On Mon, Dec 28, 2020 at 10:49:59AM +1000, David Gwynne wrote:
> On Sat, Dec 26, 2020 at 04:48:23PM -0600, Scott Cheloha wrote:
> > Now that we've removed bd_rdStart from the bpf_d struct, removing
> > ticks from bpf(4) itself is straightforward.
> >
> > - bd_rtout becomes a timespec; update bpfioctl() accordingly.
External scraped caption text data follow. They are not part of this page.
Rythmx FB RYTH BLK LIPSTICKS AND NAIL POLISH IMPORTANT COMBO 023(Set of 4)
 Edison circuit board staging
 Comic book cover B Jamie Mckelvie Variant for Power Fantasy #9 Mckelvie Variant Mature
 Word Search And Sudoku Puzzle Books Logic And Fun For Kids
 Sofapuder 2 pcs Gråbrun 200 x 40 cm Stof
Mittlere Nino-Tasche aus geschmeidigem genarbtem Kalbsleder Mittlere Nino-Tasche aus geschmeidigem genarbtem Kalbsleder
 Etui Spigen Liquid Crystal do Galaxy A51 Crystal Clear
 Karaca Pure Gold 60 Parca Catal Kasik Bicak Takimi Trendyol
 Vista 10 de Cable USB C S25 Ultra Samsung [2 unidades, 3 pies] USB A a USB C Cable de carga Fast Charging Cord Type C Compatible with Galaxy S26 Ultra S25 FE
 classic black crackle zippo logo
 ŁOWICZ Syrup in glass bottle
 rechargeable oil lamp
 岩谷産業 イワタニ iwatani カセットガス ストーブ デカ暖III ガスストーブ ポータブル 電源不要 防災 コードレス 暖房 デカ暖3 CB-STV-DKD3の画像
> > Cap it at MAXTSLP nanoseconds to avoid arithmetic overflow
> > in bpfread().
> >
> > - At the start of bpfread(), if a timeout is set, find the end
> > of the read as an absolute uptime. This is the point where
> > we want to avoid overflow: if bd_rtout is only MAXTSLP
> > nanoseconds the timespecadd(3) will effectively never overflow.
> >
> > - Before going to sleep, if we have a timeout set, compute how
> > much longer to sleep in nanoseconds.
> >
> > Here's a spot where an absolute timeout sleep would save a
> > little code, but we don't have such an interface yet. Worth
> > keeping in mind for the future, though.
>
> Are there any other places that would be useful though? bpf is pretty
> special.
kqueue_scan() in kern_event.c can have a spurious wakeup, so an
absolute sleep would be useful there. doppoll() in sys_generic.c is
the same, though I think mpi@/visa@ intend to refactor it to use
kqueue_scan().
In general, if you have a thread that wants to do something on a
strict period you need to use an absolute sleep to avoid drift.
This code drifts:
for (;;) {
do_work();
tsleep_nsec(&nowake, PPAUSE, "worker", SEC_TO_NSEC(1));
}
While this code will not:
uint64_t deadline;
deadline = nsecuptime();
for (;;) {
do_work();
deadline = nsec_advance(deadline, SEC_TO_NSEC(1));
tsleep_abs_nsec(&chan, PPAUSE, "worker", deadline);
}
(Some of those interfaces don't actually exist, but they are easy to
write and you can infer how they work.)
Most developers probably do not care about maintaining a strict period
for periodic workloads, but I have a suspicion that it would keep
system performance more deterministic because you don't have various
periodic workloads drifting into one another, overlapping, and
momentarily causing utilization spikes.
I know that probably sounds far-fetched... it's an idea I've been
fussing with.
> > dlg@: You said you wanted to simplify this loop. Unsure what shape
> > that cleanup would take. Should we clean it up before this change?
>
> I wanted to have a single msleep_nsec call and pass INFSLP when it
> should sleep forever.. You saw my first attempt at that. It had
> issues.
>
> > Thoughts? ok?
>
> How would this look if you used a uint64_t for nsecs for bd_rtout,
> and the nsec uptime thing from your pool diff instead of timespecs
> and nanouptime?
See the attached patch. It is shorter because we can do more inline
stuff with a uint64_t than with a timespec.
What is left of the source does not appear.